Then I became quiet over the phone one time and I am scared and feel tight because my dear friend gets angry at me for my remarks and when I feebly tell her she barks at me and says well I have said that, your frightening me, I then get confused and say the wrong words and I am afraid of losing her friendship. She has a waspish tongue and scares me; it’s not her as much as my reaction to this.

I realise that in my life I have been put down many times, laughed at and been mocked, so I am wary of being me, not the conditioned brain washed programmed me that is the local small mind ego and the few friends I have I do not want to lose and being truthful it is not real friendship I need their approval and get a lift from them. I am afraid of losing her approval and this feeds my hungry ego.

When I am mindful, breathing, listening and calm, it seems a greater intelligence, a greater being is apparent. Like the brain and its local hardware and software ‘it needs to know that it knows’ ‘it needs to be safe in its knowledge and its reference points’ which it can compute and juxtapose and conjugate into many adaptations with configurations, updates, modifications, yes I do have a great capacity and a quick tricky mind, yet it still limited to the past and a modified future.

I feel I have to say something in company as there is an embarrassed silence, or is there or is it me that is not comfortable with it? Is that why I have such a busy mind in order for the ego me  to know its there and rules the roost, to be in charge, safe and present and most of it is idle chatter, gossip and yet to the ego a vital function and yet there is a crying a calling, be here now, be present and if felt, be true to the self that feels comfortable, perhaps a silent calm one, not looking to better the story, to recount the past and let gaps be there. Then feeling afterwards at times, I feel guilty, I went over the top, the stories, the incidents, the NASA, Forensic and all the past history, I have made a fool of myself, I should have been more quiet, less intrusive, less demanding to be a celebrity, a scientist and milking the outcome for approval and top rating.

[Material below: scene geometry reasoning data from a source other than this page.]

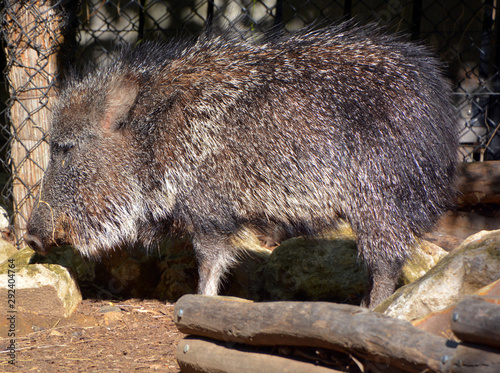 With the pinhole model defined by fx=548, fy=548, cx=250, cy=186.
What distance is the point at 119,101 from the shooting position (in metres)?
3.40

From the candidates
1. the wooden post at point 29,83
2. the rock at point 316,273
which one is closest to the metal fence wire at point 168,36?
the wooden post at point 29,83

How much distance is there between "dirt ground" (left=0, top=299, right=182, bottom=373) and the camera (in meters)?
2.72

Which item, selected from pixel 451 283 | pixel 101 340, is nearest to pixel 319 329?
pixel 451 283

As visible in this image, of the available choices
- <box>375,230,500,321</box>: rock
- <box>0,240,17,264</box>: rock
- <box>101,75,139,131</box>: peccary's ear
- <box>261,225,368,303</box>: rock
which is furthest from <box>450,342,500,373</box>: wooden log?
<box>0,240,17,264</box>: rock

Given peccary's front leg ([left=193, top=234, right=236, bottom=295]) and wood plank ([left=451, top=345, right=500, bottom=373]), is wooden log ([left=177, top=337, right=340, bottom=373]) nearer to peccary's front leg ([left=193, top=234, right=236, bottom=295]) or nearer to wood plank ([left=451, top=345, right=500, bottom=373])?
wood plank ([left=451, top=345, right=500, bottom=373])

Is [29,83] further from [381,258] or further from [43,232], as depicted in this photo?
[381,258]

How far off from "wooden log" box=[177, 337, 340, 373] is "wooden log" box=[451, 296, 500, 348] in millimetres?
516

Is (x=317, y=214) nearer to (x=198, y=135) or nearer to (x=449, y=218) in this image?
(x=198, y=135)

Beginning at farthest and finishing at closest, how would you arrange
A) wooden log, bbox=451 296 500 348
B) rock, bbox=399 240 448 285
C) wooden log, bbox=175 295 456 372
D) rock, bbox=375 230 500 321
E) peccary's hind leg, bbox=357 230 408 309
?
rock, bbox=399 240 448 285, peccary's hind leg, bbox=357 230 408 309, rock, bbox=375 230 500 321, wooden log, bbox=175 295 456 372, wooden log, bbox=451 296 500 348

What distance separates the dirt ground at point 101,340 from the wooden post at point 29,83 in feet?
3.71

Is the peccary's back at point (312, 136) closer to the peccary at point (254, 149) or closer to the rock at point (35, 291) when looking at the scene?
the peccary at point (254, 149)

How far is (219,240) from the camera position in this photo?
3.26 metres

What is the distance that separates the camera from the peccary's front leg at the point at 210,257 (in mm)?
3262

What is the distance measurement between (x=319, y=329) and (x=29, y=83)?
330 centimetres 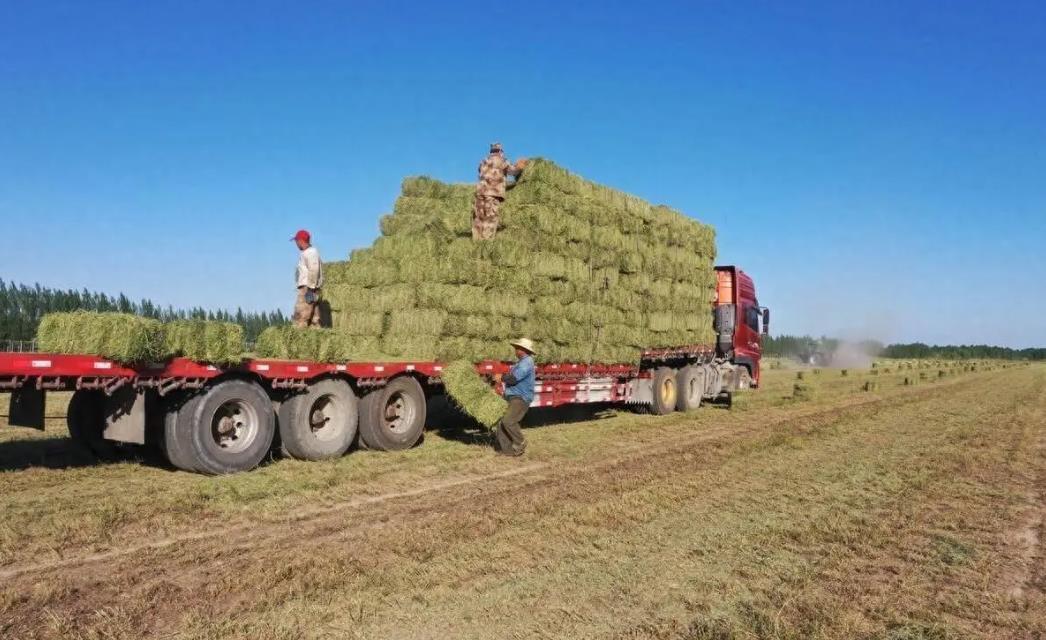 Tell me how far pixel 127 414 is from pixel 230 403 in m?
1.12

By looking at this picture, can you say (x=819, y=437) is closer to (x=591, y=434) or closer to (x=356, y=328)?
(x=591, y=434)

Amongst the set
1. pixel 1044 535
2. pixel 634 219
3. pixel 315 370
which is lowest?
pixel 1044 535

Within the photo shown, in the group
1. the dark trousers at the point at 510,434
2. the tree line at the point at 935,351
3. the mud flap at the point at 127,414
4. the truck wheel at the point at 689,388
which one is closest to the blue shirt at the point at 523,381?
the dark trousers at the point at 510,434

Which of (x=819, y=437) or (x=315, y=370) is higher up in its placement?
(x=315, y=370)

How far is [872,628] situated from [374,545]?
3.71 metres

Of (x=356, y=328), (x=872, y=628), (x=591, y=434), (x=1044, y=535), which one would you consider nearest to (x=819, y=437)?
(x=591, y=434)

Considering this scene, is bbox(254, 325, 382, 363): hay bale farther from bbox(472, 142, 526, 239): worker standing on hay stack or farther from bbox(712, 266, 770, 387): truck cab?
bbox(712, 266, 770, 387): truck cab

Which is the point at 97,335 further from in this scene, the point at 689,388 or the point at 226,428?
the point at 689,388

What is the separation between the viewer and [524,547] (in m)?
6.37

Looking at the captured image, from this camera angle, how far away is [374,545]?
6277 mm

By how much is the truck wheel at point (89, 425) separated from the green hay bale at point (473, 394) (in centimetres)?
475

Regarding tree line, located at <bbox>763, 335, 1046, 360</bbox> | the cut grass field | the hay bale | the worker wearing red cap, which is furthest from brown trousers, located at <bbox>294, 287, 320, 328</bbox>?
tree line, located at <bbox>763, 335, 1046, 360</bbox>

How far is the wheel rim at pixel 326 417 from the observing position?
34.5 ft

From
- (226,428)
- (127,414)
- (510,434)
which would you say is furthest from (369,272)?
(127,414) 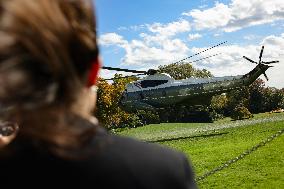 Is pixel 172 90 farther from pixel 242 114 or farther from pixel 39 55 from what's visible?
pixel 39 55

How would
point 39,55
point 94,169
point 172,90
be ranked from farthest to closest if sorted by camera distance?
1. point 172,90
2. point 94,169
3. point 39,55

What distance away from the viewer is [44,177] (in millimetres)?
1229

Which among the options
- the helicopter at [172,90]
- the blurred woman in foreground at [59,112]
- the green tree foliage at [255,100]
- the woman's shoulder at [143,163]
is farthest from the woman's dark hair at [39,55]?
the green tree foliage at [255,100]

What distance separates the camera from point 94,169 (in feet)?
4.03

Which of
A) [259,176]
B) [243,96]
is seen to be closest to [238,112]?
[243,96]

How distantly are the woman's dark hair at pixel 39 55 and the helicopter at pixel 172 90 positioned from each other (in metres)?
30.6

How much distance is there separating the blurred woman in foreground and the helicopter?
30568 mm

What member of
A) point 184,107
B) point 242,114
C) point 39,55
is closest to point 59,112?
point 39,55

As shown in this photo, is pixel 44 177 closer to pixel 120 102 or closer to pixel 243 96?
pixel 120 102

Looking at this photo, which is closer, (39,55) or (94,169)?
(39,55)

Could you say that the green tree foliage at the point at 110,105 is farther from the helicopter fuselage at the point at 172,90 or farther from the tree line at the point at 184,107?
the helicopter fuselage at the point at 172,90

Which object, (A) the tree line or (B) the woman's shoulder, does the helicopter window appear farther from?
(B) the woman's shoulder

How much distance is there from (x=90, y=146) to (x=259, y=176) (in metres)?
11.7

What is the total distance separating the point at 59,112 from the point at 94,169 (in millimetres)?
182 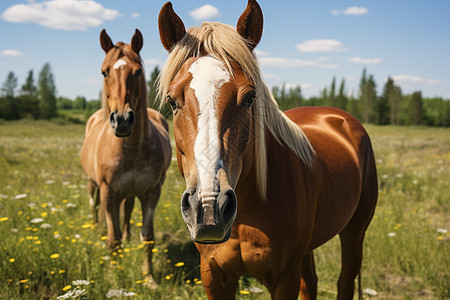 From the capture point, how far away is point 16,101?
53.8m

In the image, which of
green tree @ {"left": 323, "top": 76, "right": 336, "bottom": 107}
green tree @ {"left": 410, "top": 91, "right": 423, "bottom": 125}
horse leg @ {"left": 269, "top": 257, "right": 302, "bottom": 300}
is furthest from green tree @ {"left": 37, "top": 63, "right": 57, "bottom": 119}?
green tree @ {"left": 410, "top": 91, "right": 423, "bottom": 125}

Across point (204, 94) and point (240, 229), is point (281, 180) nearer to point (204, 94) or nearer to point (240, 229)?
point (240, 229)

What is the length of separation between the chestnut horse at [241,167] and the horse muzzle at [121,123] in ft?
6.48

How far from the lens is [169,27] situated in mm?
1753

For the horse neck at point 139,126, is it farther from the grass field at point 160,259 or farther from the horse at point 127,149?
the grass field at point 160,259

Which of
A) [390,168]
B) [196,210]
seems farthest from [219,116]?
[390,168]

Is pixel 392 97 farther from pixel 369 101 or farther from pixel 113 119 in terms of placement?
pixel 113 119

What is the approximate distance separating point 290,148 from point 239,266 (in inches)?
31.4

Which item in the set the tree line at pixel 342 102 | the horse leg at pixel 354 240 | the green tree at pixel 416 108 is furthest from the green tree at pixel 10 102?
the green tree at pixel 416 108

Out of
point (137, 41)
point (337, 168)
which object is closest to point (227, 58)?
point (337, 168)

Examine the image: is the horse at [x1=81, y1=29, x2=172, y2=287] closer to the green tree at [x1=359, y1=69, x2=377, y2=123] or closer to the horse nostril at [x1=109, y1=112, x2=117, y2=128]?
the horse nostril at [x1=109, y1=112, x2=117, y2=128]

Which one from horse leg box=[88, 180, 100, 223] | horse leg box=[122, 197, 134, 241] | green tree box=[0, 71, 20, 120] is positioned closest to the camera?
horse leg box=[122, 197, 134, 241]

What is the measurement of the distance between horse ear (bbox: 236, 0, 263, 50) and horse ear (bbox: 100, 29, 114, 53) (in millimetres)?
2932

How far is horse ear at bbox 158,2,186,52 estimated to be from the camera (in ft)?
5.58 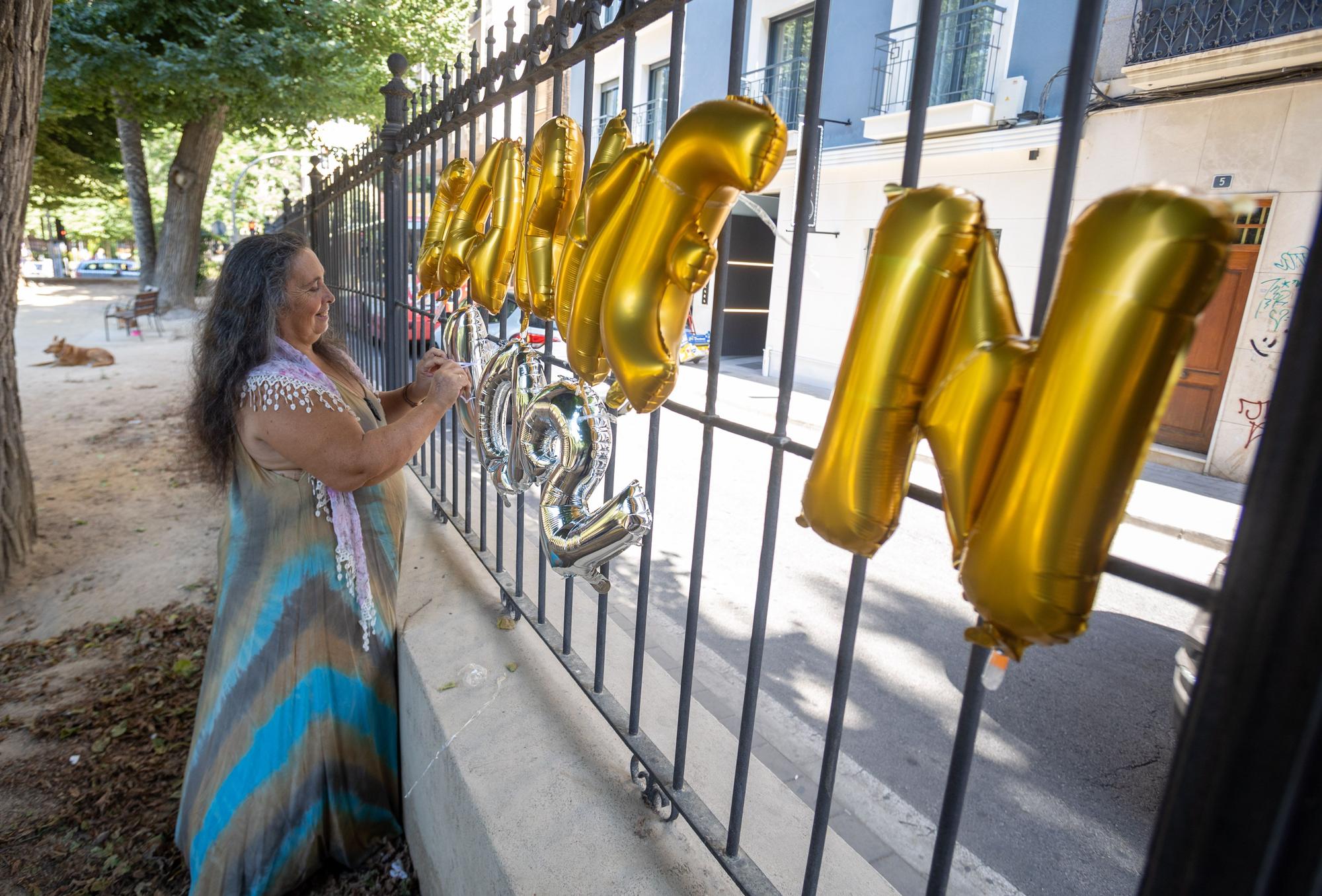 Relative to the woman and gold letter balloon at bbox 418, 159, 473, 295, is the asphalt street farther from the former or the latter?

Somehow going into a quote that came to me years back being the result of a koan which is ; ‘I know I don’t know but when I need to know I will know’, it is being laid back and witnessing and allowing a space, nay being empty to listen without prejudice and put my local stuff out of the gap of mindfulness and only be prompted by an appropriate ‘feel urge’ which kind of pops into the awareness and not from being presumptuous and interjecting through ‘I am the authority, after all look at all the workshops, the counselling I've done and my achievements, recognise me and give me the love and approval I seek says the dominant local mind ego.

Yes the local mind ego a mere smidgen in the space of all spaces is adept in many circumstances of running the local affairs such as shopping, arranging travel and so on and it is the ability to step back and realise I am just that local and narrow and when to let go and allow the great non local mind to click in.